Tokyoites always present themselves well, maybe as well as the Milanese do, but somehow with the nonchalance of the Parisians.
A sense of individuality permeates the overarching sense of style. Minimalism may be painted all over Stockholm; pragmatism may reign supreme in Amsterdam’s streets; and classy may spell Parisian. But, Tokyo’s scene is difficult to typify. In the city, fashion can be polarizing. And no, honey, Lolita is not the universal fare, even in Harajuku or Akihabara.
Popular trends see through different reinterpretations in Tokyoites’ hands. If you want to experiment with style combinations, but cannot do so at home, Tokyo may be the best place to do a trial run. Trying not to commit fashion faux pas is not something Tokyoites are too preoccupied with. Some would go as far as to say that hipsters have already gone mainstream in Japan, before the world thought about keeping up.
Style Foundation : The Clothes
If you expect to do some shopping or stay anywhere indoors while out and about, dress in layers that would be easy to peel off. The Japanese seem to be fond of keeping the temperature indoors awfully high. You’ll notice how they keep heaters at full blast, while shopping in Hankyu or Mitsukoshi dead in the middle of winter.

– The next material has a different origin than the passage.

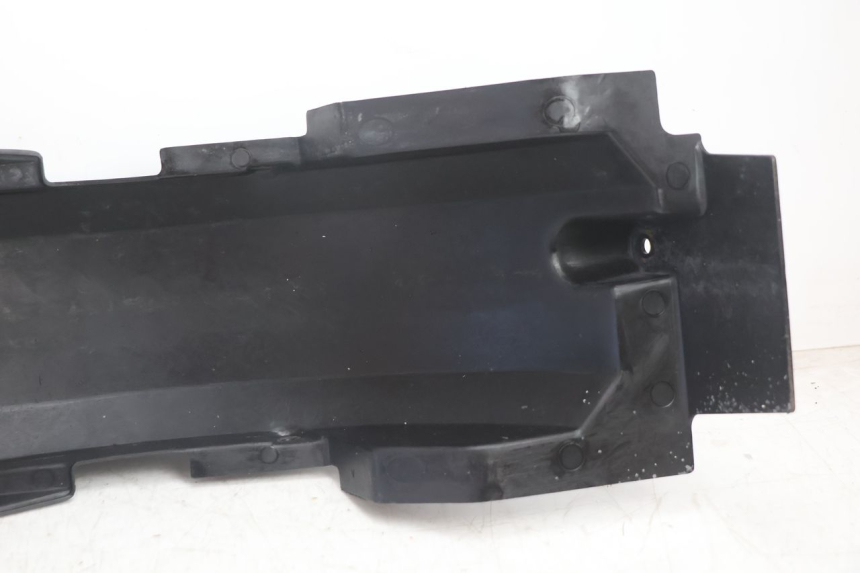 photo de REAR UNDERTRAY SUZUKI GSX F GSXF 750 (1988 - 1998) - Additional view of the item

For occasions when you want to look prim and proper – a business meeting, perhaps – go for fail-safe black or grey. Customarily, black is the most formal color. A lot of people associate it with work garb, though. Navy and dark brown suits on men look less intimidating. Khaki tones, on the other hand, might be a bit too casual for business settings, but welcome for intimate dinners and similar social functions.
Style Foundation : The Bag
For the ladies
No need to forget that Chanel Boy at home. The Japanese do not seem offended by, nor do they gawk at luxury. Birkins, fox fur, and supple leather pants (on men!) sometimes make cameos in train platforms on quieter hours.
On another note, it seems safe to use tote bags (yes, the Neverfull types), unlike in Barcelona or in Phnom Penh.
For the Gentlemen
On weekdays, men are fond of leather satchels. On weekends, they seem to prefer canvas totes. Whether they be dressed in business formal or in date casual, Porter seems to be the brand of choice.
If you plan to take the train on a rush hour, do not ever bring a huge backpack. Not only will you leave the train with a squished bag, but you’ll also inconvenience fellow commuters who most probably are on their way to work. If need be, put the huge backpack in front of you.
Style Foundation : The Shoes
Although walkways do not come cobblestoned, it would be best to wear comfortable shoes – flats and almond-toe boots for the ladies, or sneakers and loafers for the gentlemen, perhaps? It might be best to leave cigarette heels and toe-pinching wingtips behind.